Expressionist figurative works by Theresa Pfarr, mixed media on paper by Fay Ku and large-scale photographs of the Mississippi Delta by Kathleen Robbins go on exhibit today in the Baum Gallery of the University of Central Arkansas at Conway. There will be a reception at 4 p.m. today with music by Fayetteville band High Lonesome.
Pfarr lives and works in New Jersey and was a Pollock-Krasner grant recipient in 2012-2013. Her statement about “By Proxy”:
My work has evolved through studying and researching images of women used in advertising, particularly those in the fashion industry. I discover and draw from the meanderings of these images, and the incongruous and residual anxiety they leave behind. As images stuff my mailbox, invade and clutter my space, I answer their aggression through painting. I interpret their narratives, then break or extend those narratives through a collage and paint process. Identity loss and re-development is explored through the manipulation of surface texture and paint handling. In the effort to convey the psychological struggle in dealing with self-evaluation and mass appeal, my work is both social exposition and autobiographical. Through standing-in for the commercial character my identity is distanced but also clearer, by proxy.

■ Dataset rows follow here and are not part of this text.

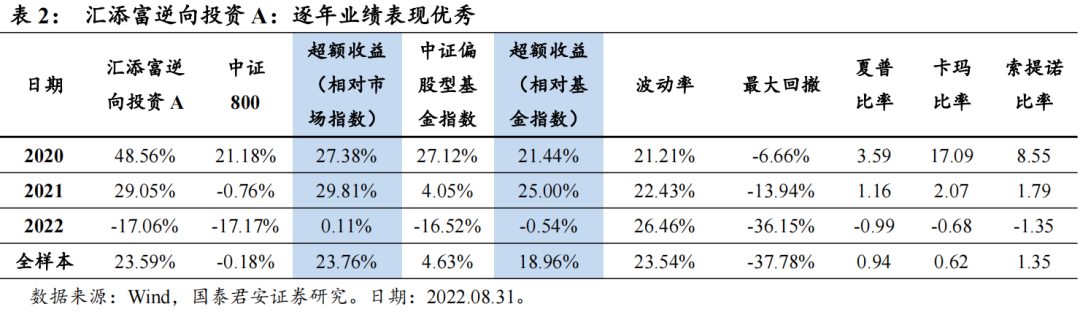 汇添富基金净值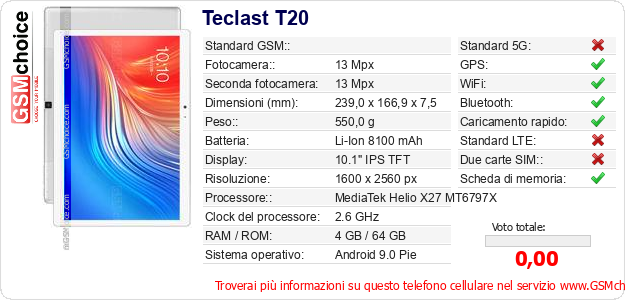Teclast T20 Dati tecnici di telefono cellulare 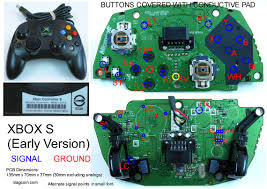 Kinect xbox 360 controller usb wiring diagram wires png clipart. Xbox 360 Controller Diagram Novocom Top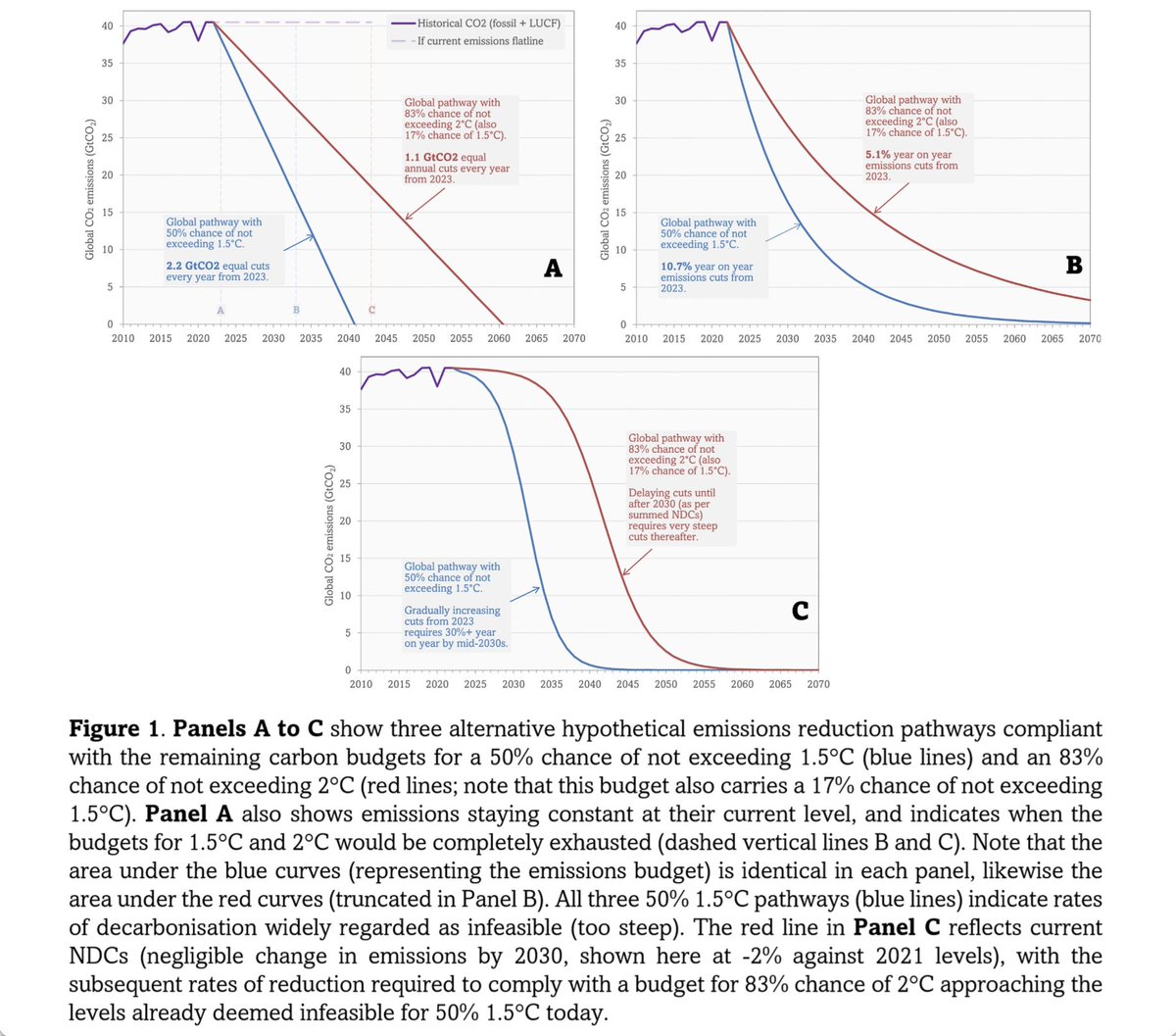 KevinClimate's tweet image. At COP27 so-called leaders lied again about their commitments to ensure warming did not exceed 1.5°C. Just 1 month on, the remaining carbon budget has shrunk another 1%. The attached table &amp;amp; plots illustrates the gap between their lies &amp;amp; their commitments. climateuncensored.com/how-alive-is-1…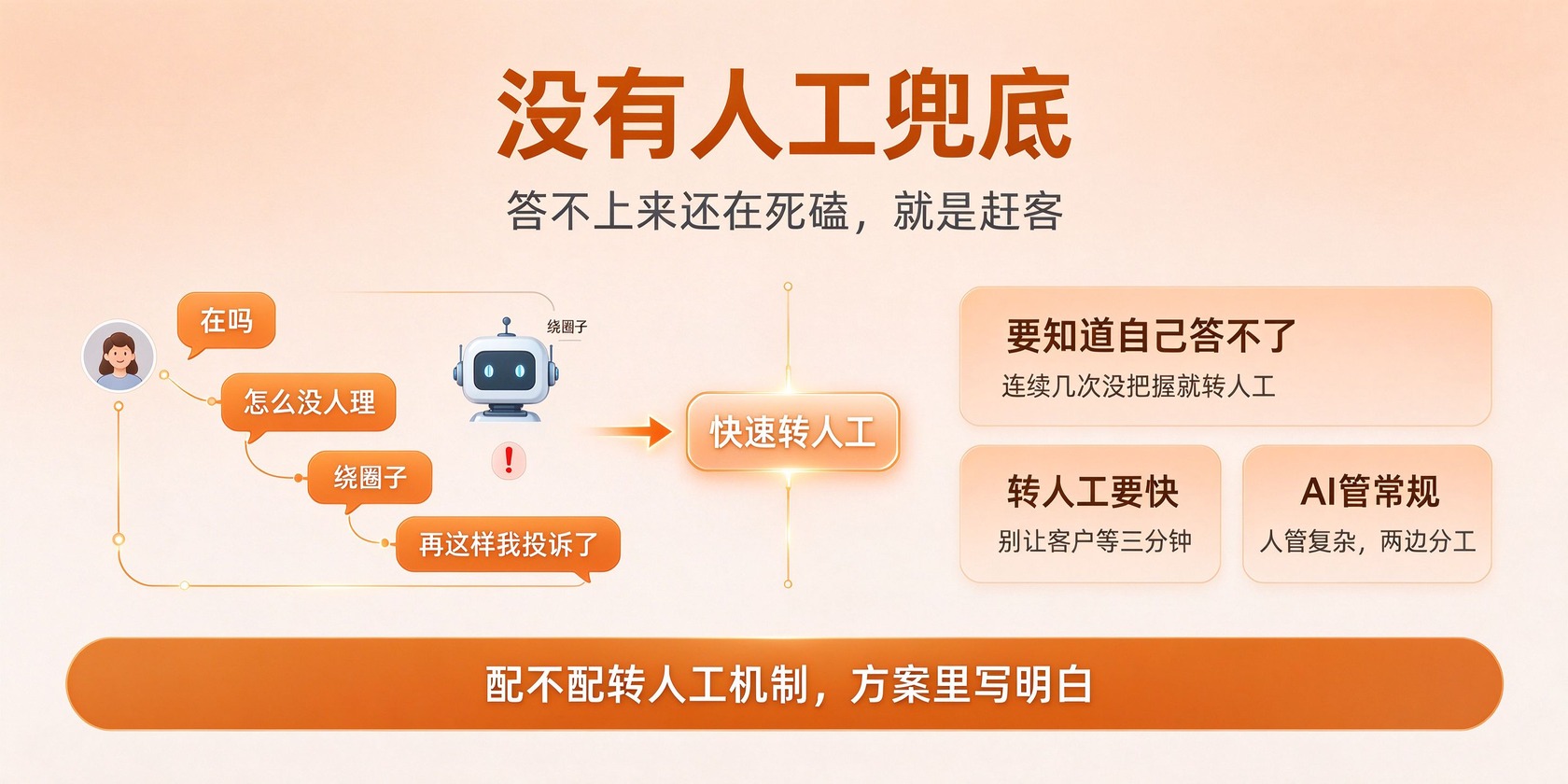 04-没人工兜底.jpg PG官网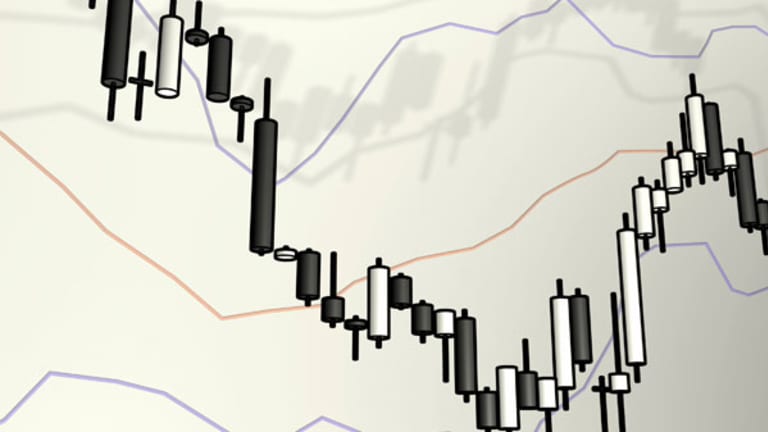 Amazon Stock Price Candlestick Chart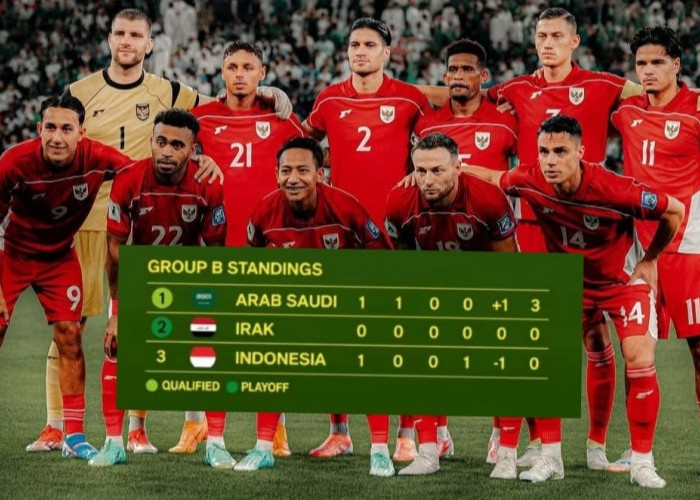 Irak Kuat, tapi Timnas Indonesia Tak Gentar! Kluivert: Ini Laga Hidup Mati dan Kami Akan Tampil Menyala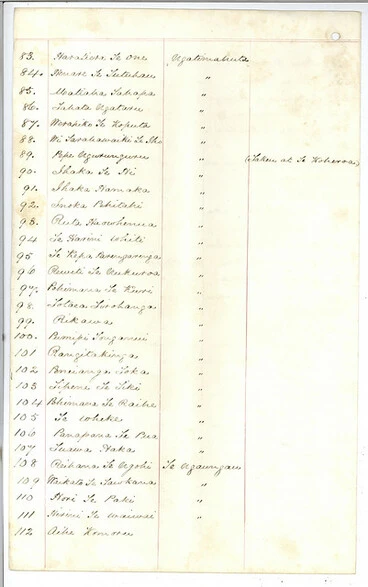 Image: List of Māori Prisoners from New Zealand Land Wars [4 of 9]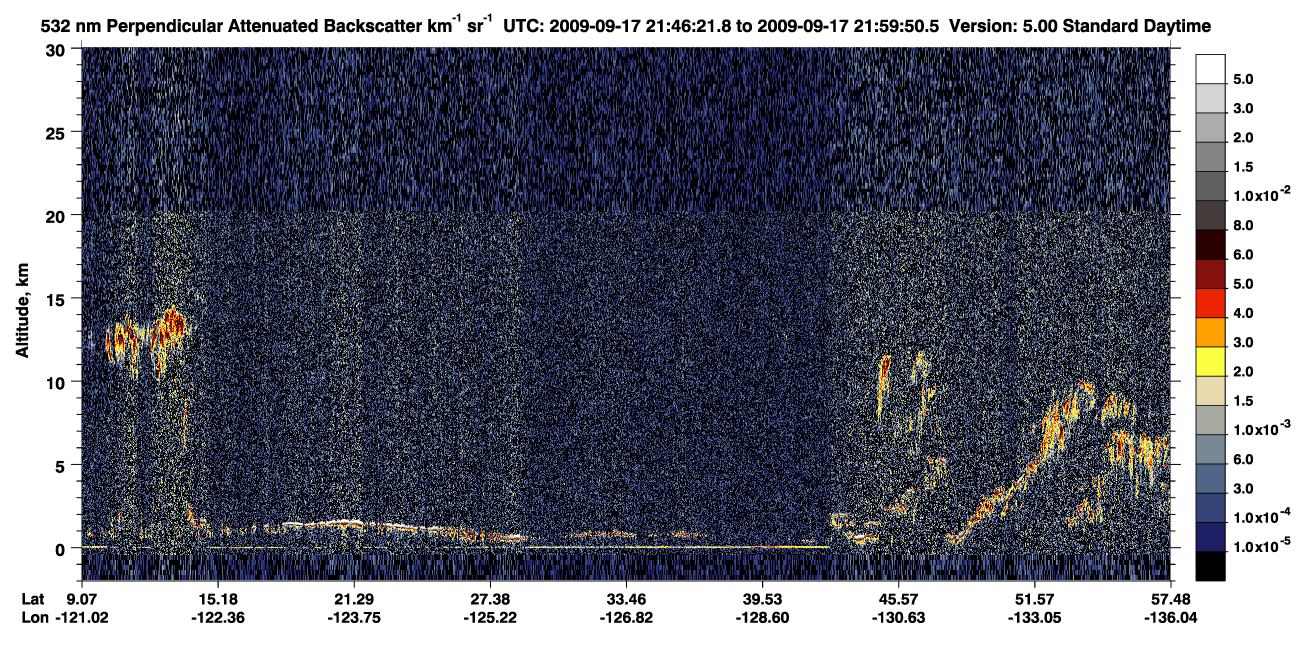 /calipso-imagery/data/BROWSE/production/V5-00/2009-09-17/2009-09-17_21-19-26_V5.00_3_2_CVDcolormap.png image missing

New York artist Ku’s exhibition is called “Throwing Voices,” and features figurative work in a fantasy vein. Her statement:
My works on paper are psychological, narrative and figurative. Figures appear isolated against the white of the paper, drawn with delicacy. My characters explore the fluidity of identity — sexual, cultural, personal and political— and the ambiguity in relationships with one another.
Paper suits my temperament. I work quickly, allowing a flow of ideas to move through me. My inspirations come from travel, observation, the radio, films and books—in short, everything. Motifs reoccur in my work, but each time with different associations and references. And, within a single work, the concepts are often layered to yield multiple readings rather than one narrative. I am in interested in the nuances of meaning.
Robbins, who teaches at the University of South Carolina, writes about her “Into the Flatland” photos:
The photographs in these series were made during regular trips home to visit family over a period of several years. I chose to leave the Delta for many of the same reasons anyone ever chooses to leave a rural area. This is land that my family has inhabited for generations, and I am pulled to this place in a way that I am not able to fully articulate.
The exhibits run through Oct. 24.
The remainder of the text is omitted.